Lawyer Nasrin Sotoudeh, who represents opposition activists and is now in prison, and banned filmmaker Jafar Panahi won the annual EU Sakharov Prize for dedication to the defence of human rights and freedom of thought. The other nominees were the jailed Russian punk band Pussy Riot and a Belarussian civil rights activist. Recall that the prize was established in December 1988 and named after Soviet scientist and dissident Andrei Sakharov. Winners get a 50,000 euro ($65,000) prize.

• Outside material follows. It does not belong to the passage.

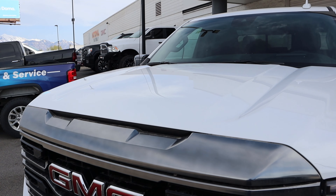Under the hood we have a turbocharged 3-liter inline-6 diesel known as the baby Duramax, that goes through a 10-speed automatic transmission. Power figures are 277 horsepower and 460 pound-feet of torque, with fuel economy being 20 around town and 23 on the highway.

As BBC reports, This year’s joint winner lawyer Nasrin Sotoudeh defended opposition activists following the disputed June 2009 presidential elections, as well as women and young people. She is now serving a six-year jail term at the notorious Evin prison for “acting against the national security” and “propaganda against the regime”. The 45-year-old is currently is solitarily confinement and recently went on hunger strike to protest against the authorities’ harassment of her husband and two children.

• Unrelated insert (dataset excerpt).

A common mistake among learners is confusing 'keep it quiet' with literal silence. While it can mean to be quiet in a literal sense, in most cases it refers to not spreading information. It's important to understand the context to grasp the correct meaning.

Director Jafar Panahi, 52, is well known for his humanist films on life in Iran, but in 2010 he was put under house arrest and banned from filmmaking for 20 years. His 2011 documentary This is Not a Film was smuggled out of the country on a USB stick hidden in a cake. The President of the European Parliament Martin Schulz has said the decision to award the prize to the two Iranians was a unanimous one.